The dramatization is followed by a forty-second entreaty by Russell: "This short film is more than just speculation; it shows the results of integrating and miniaturizing technologies that we already have... AI's potential to benefit humanity is enormous, even in defense, but allowing machines to choose to kill humans will be devastating to our security and freedom."
According to Russell, "What we were trying to show was the property of autonomous weapons to turn into weapons of mass destruction automatically because you can launch as many as you want... and so we thought a video would make it very clear." Russell also expressed a desire to displace the unrealistic and unhelpful Hollywood Terminator conception of autonomous weapons with something more realistic. The video was produced by Space Digital at MediaCityUK and directed by Stewart Sugg with location shots at Hertfordshire University and in Edinburgh. Edinburgh was chosen because the filmmakers "needed streets that would be empty on a Sunday morning" for the shots of armed police patrolling deserted streets, and because the location is recognizable to international audiences. All of the drones were added in post-production.

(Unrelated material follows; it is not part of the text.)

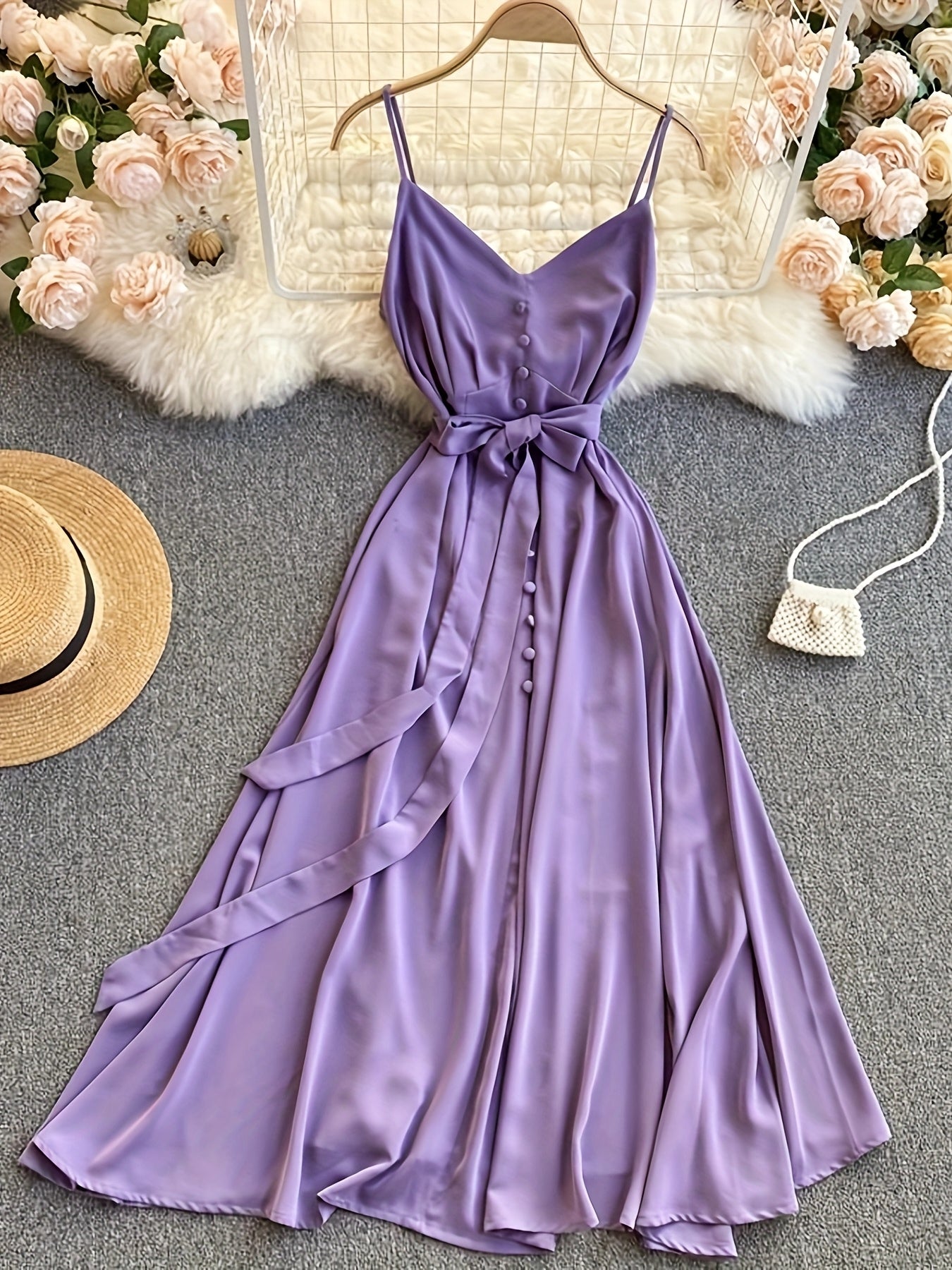 Women's maxi dress with spaghetti straps and bow – Elegant summer dress for festive occasions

In December 2017 The Economist assessed the feasibility of Slaughterbots in relation to the U.S. MAST and DCIST microdrone programs. MAST currently has a cyclocopter that weighs less than 30 grams, but that has the downside of being easily disturbed by its own reflected turbulence when too close to a wall. Another candidate is something like Salto, a 98-gram hopping robot, which performs better than cyclocopters in confined spaces. The level of autonomous inter-drone coordination shown in Slaughterbots is currently not available, but that is starting to change, with drone swarms being used for aerial displays. Overall The Economist agreed that "slaughterbots" may become feasible in the foreseeable future: "In 2008, a spy drone that you could hold in the palm of your hand was an idea from science fiction. Such drones are now commonplace... When DCIST wraps up in 2022, the idea of Slaughterbots may seem a lot less fictional than it does now." The Economist is skeptical that arms control could prevent such a militarization of drone swarms: "As someone said of nuclear weapons after the first one was detonated, the only secret worth keeping is now out: the damn things work".
In April 2018 the governmental Swiss Drones and Robotics Centre, referencing Slaughterbots, tested a 3-gram shaped charge on a head model and concluded that "injuries are so severe that the chances of survival are very small".
In December 2017, Paul Scharre of the Center for a New American Security disputed the feasibility of the video's scenario, stating that "Every military technology has a countermeasure, and countermeasures against small drones aren't even hypothetical. The U.S. government is actively working on ways to shoot down, jam, fry, hack, ensnare, or otherwise defeat small drones. The microdrones in the video could be defeated by something as simple as chicken wire. The video shows heavier-payload drones blasting holes through walls so that other drones can get inside, but the solution is simply layered defenses." Scharre also stated that Russell's implied proposal, a legally binding treaty banning autonomous weapons, "won't solve the real problems humanity faces as autonomy advances in weapons. A ban won't stop terrorists from fashioning crude DIY robotic weapons... In fact, it's not even clear whether a ban would prohibit the weapons shown in the video, which are actually fairly discriminate."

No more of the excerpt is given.